5 Awkward Questions for the Production-End of the DevOps Pipeline

Awkward DevOps questions

DevOps isn’t just about development, the creation of new code and capabilities, there’s also the need to release to the production environment in a way that’s both swift and “safe” – protecting business operations in line with the organization’s appetite for risk.

Much has been said and written about the left-to-right DevOps pipeline, most of it about the starting left-hand side where the developer and version control system trigger a continuous integration process to create a new test environment. But wait, what about the “production side”?

This awkward, right-hand end of the pipeline (the shaded-red area in the diagram below) is often skirted around or skimmed over when good practices are shared in blogs or at events.

Continuous Delivery

Source: https://ukcloud.pro

However, at some point, anyone “doing” DevOps will have to address the following five, potentially awkward, questions:

  1. How are changes applied to production?
  2. What about the production data?
  3. Is production really updated continuously and many times a day?
  4. Are new production environments created with every release?
  5. How do we roll back production changes?

In this blog, I’d like to tackle each of these in turn.

1. How Are Changes Applied to Production?

The continuous integration/continuous delivery (CI/CD) movement is all about smaller and less risky releases to production, and there is a myriad of ways of achieving it. But, this is different to how it was done pre-CI/CD.

Pre-DevOps, changes were often deployed in one of two extreme ways. First, you make a little tweak to a running system under change management. Or, second, you make a big bang implementation to production that requires a reboot. And prayers. Lots of prayers.

Praying!

The DevOps way to change production uses a CI/CD pipeline as a mechanism to test and release software through environments using consistent mechanisms so there’s less stress and more success. But the key part of this is the size of the change. It’s somewhere in the middle between the non-DevOps “tweak” and “bang.”

DevOps doesn’t release tweaks into production, because these tweaks are historically applied without proper testing and inconsistent deployment techniques; and deploying a tweak into production is often different to doing it in test and staging, usually because test and staging are nothing like production.

DevOps also doesn’t release big bangs into production because they are notoriously hard to back out, and the failure of the release has what’s known as a large blast radius.

The DevOps “Goldilocks release process” gets it just right by deploying releases that range (yes, there’s a range here, there’s not one outfit for all occasions) from small artifacts such as Java Archive Files (JARs) up to whole environments…but there’s another important difference…

DevOps also provides for mechanisms to introduce releases with easy testing for failure and easy back out, called blue-green deployments.

When you add up the Goldilocks release unit with the new release process, the DevOps release to production is very different from non-DevOps scenarios.

2. What About the Production Data?

There are three important facts here. Number one, if you’re not careful when you release to production, then you could delete your production database. Number two, test data is different to production data. Number three, if you release production database updates at the same time as the code, it causes back out/rollback issues.

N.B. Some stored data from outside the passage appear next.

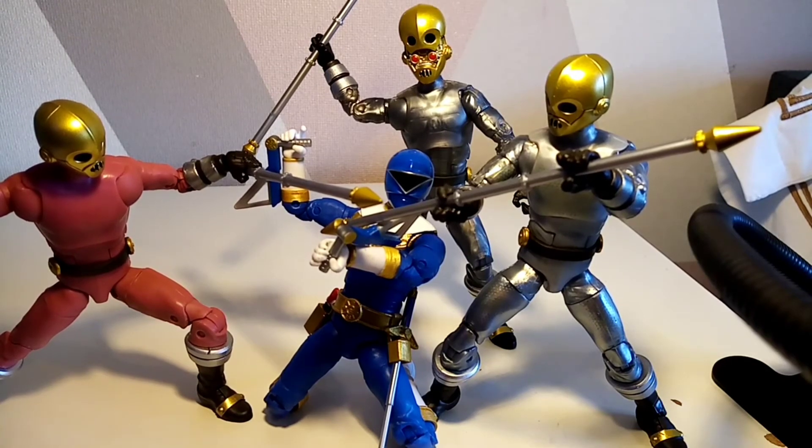This is the sort of thing you're looking for when army building your Cogs — you want them battling your Zeo Rangers or setting up really cool display shots. There are some great, talented people out there creating fantastic shots. Very happy with the Cog and very happy with the weapons.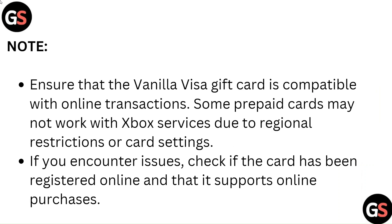Note: Ensure that the Vanilla Visa gift card is compatible with online transactions. Some prepaid cards may not work with Xbox services due to regional restrictions or card settings. If you encounter issues, check if the card has been registered online and that it supports online purchases.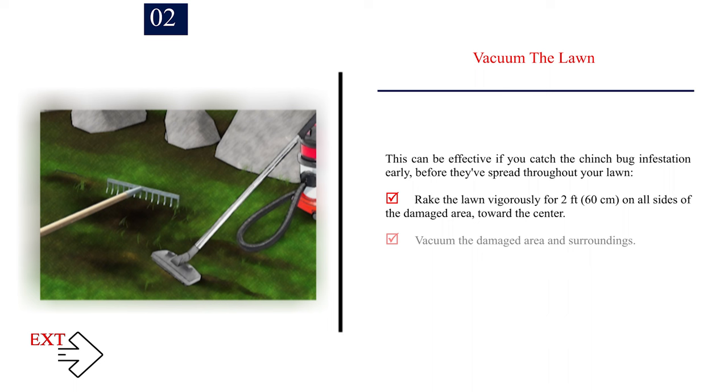Number 2: Vacuum the lawn. This can be effective if you catch the chinch bug infestation early, before they've spread throughout your lawn. Rake the lawn vigorously for 2 feet (60 centimeters) on all sides of the damaged area toward the center. Vacuum the damaged area and surroundings, then water thoroughly.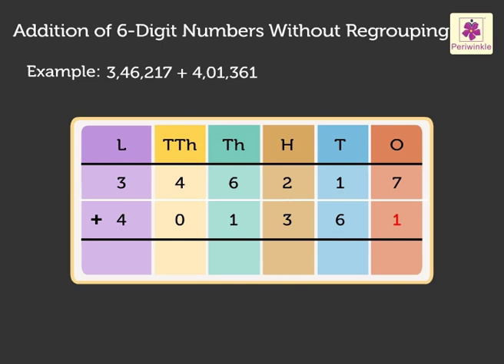7 plus 1 equals 8. Next, 1 plus 6 equals 7. Now, 2 plus 3 equals 5. Further, 6 plus 1 equals 7. Next, 4 plus 0 gives 4. And finally, 3 plus 4 gives 7. Hence, the sum of 3,46,217 and 4,01,361 is 7,47,578.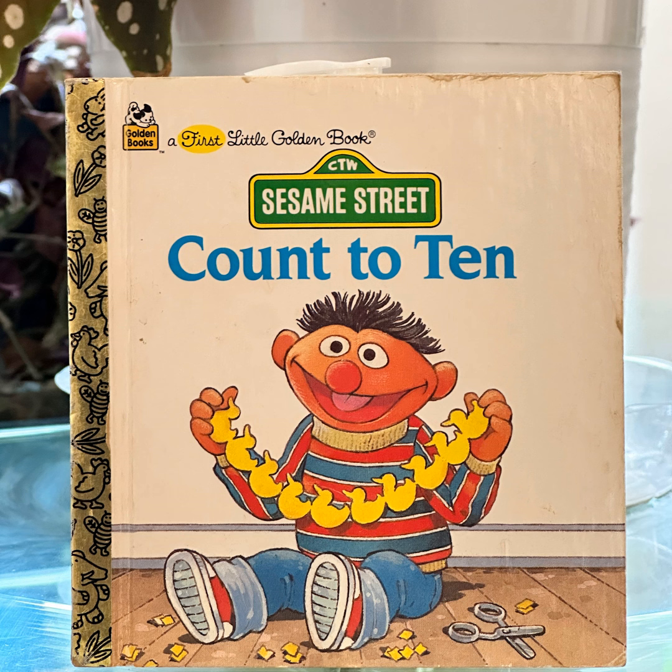Nine. Nine baseball players make a team. Ten. Ten monsters make a mess. The end.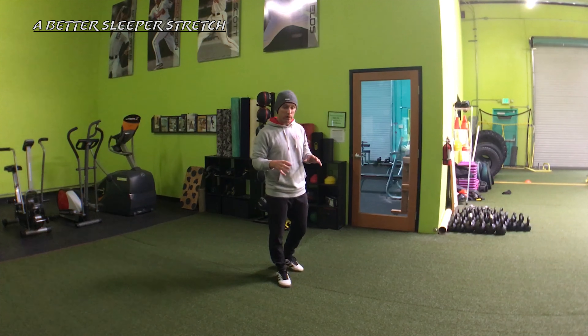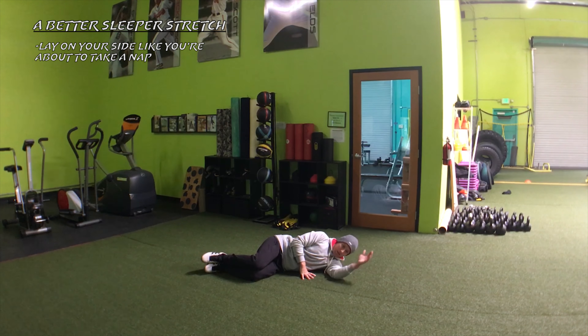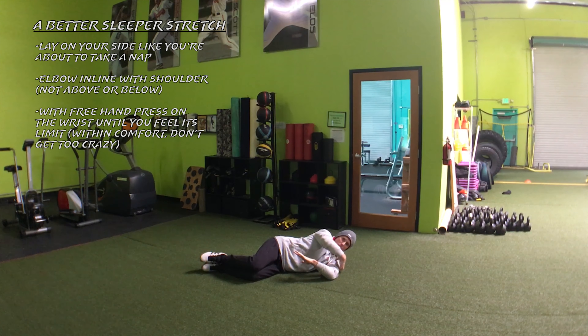Very simply, all you have to do is lay on your side — like you're getting ready to go to sleep. If I was going to lay my head down, elbow in line with the shoulder. When doing this, I'm going to press on the wrist downward, and at the point where I feel some tension in the shoulder, I'll hold that pressure.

  1. There have been repeated production outages caused by companies erroneously deleting their own production database. How is this even possible? Easy – when you’re using a DevOps pipeline, sometimes humans forget to set unique environment variables such as which databases are test versus staging versus production. Sounds incredible, but it happens. So, when the scripts get twisted, that deployment to staging manages to drop to production instead, because it has the wrong database name.
  2. Test data is different to production, so problems might not manifest themselves until running in production. In this cloud era, getting copies (snapshots) of production databases is a doddle, so this issue should be eliminated.
  3. Mixing code rollouts with database updates sounds logical but makes the deployment artifact too near to big bang, so doing tick-tock releases of “add new database column” first, then a separate release for “add new code to use new database column” second is a common release pattern.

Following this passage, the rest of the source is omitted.